Swallows, house martins and sand martins soon dispelled any boredom, as did calling Cetti’s warblers. But it was the scrapes at the far end of the site that I was aiming for and they seemed quiet at first. Until a bright yellow bird hove into view. Only one candidate for that on a stony foreshore – yellow wagtail. I haven’t seen one in summer plumage for three years.
I tried to turn some of the many pied wagtails into white wagtails but didn’t convince myself. No matter, a buzzard entertained me overhead, then another, paler one. Which wasn’t a buzzard at all. It was my first red kite of the year.
Blimey! I could have stayed all night but had to get cracking back to Bristol. This then put me in the right place to log a couple of red-legged partridges crossing the A36. Then that so-called trunk road was closed at Claverton, as part of the ongoing downgrading of our transport infrastructure, so I switched to my south Bath orbital through Midford and past the Hope and Anchor.
I’ve meant to stop at this pub for centuries with the obvious draw being the railway architecture (no, really). The old Somerset and Dorset viaduct above it is still in fine fettle at the point where it crosses the even more ancient colliery line to Camerton.

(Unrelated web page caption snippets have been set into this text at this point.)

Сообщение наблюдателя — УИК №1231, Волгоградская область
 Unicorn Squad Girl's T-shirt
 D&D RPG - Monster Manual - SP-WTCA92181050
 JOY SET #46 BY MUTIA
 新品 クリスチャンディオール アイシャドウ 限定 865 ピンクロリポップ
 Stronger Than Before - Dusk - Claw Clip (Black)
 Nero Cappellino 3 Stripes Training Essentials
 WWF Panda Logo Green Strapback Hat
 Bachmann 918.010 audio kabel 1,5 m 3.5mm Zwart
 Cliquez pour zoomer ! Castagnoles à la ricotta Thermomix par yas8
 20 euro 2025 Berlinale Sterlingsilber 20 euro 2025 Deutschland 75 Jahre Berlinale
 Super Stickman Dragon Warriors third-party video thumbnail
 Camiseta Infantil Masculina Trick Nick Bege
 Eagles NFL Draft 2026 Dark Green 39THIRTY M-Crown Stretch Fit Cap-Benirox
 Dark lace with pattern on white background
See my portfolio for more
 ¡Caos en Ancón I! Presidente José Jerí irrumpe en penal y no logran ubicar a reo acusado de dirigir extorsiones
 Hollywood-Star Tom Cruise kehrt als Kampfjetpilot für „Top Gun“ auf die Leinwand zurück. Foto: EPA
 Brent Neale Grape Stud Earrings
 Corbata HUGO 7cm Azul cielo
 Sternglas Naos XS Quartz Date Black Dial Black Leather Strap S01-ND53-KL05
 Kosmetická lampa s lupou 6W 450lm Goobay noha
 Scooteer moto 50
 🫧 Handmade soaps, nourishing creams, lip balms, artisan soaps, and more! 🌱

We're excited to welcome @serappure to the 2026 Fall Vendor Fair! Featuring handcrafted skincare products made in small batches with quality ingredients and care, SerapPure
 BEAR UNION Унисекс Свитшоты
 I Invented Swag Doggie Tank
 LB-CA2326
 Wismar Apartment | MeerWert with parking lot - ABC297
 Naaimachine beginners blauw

That closed in 1951 so there’s less trace of it, except in the immortal realm of celluloid. Yes, the Titfield Thunderbolt used the track as a film set a couple of years after closure.
The pub of course displays some prints of local railway scenes and, despite being a bit foody, is OK for a swift pint. That made the remaining half hour back to Bristol and my next pint more palatable than the intervening urbanscape normally allows.